Edulactica

Edulactica

• Online

+389 75 457 282

Call or Message

Kereta Cepat Jakarta-Bandung dan ‘Hantu’ Pembengkakan Biaya: Belajar dari Proyek

Proyek Kereta Cepat Jakarta-Bandung (KCJB), yang kini dikenal sebagai Whoosh, merupakan salah satu proyek infrastruktur terbesar dan paling ambisius di Indonesia pada abad ini. Proyek ini dijanjikan sebagai lompatan modernisasi transportasi, mempersingkat waktu tempuh antara dua kota metropolitan. Namun, perjalanan proyek ini jauh dari mulus. Sejak awal, proyek ini dihantui oleh tantangan finansial besar, terutama fenomena yang dikenal sebagai pembengkakan biaya (cost overrun) yang signifikan.

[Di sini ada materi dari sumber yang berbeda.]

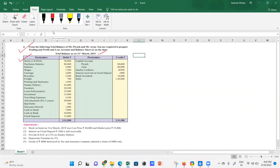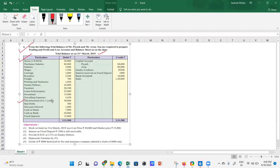When you have the trial balance in front of you with adjustments, first check if there are any hidden adjustments within the trial balance itself. One example is advertisement — the advertisement mentioned here is paid for three years. As per the accrual accounting system, only the current financial year's expenses (1st April 2018 to 31st March 2019) should be considered. Any expenses for a future period must be parked in the balance sheet as prepaid expenses — that's a hidden adjustment.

Awalnya, proyek ini dirancang dengan model Business-to-Business (B2B) tanpa jaminan APBN. Namun, seiring berjalannya waktu, berbagai masalah teknis dan non-teknis menyebabkan estimasi biaya melonjak drastis dari perencanaan awal. Pembengkakan ini memaksa pemerintah untuk mengubah kebijakan pendanaan, yang akhirnya melibatkan suntikan dana dari Anggaran Pendapatan dan Belanja Negara (APBN). Keterlibatan APBN ini menjadi sorotan utama dan memicu perdebatan publik mengenai kelayakan proyek.

Salah satu penyebab utama pembengkakan biaya adalah masalah pembebasan lahan yang kompleks dan berlarut-larut. Nilai ganti rugi yang meningkat, sengketa, dan keterlambatan dalam proses akuisisi lahan memaksa jadwal konstruksi mundur. Keterlambatan ini bukan hanya menghabiskan waktu, tetapi juga meningkatkan biaya material dan tenaga kerja karena penyesuaian inflasi dan perpanjangan masa konstruksi.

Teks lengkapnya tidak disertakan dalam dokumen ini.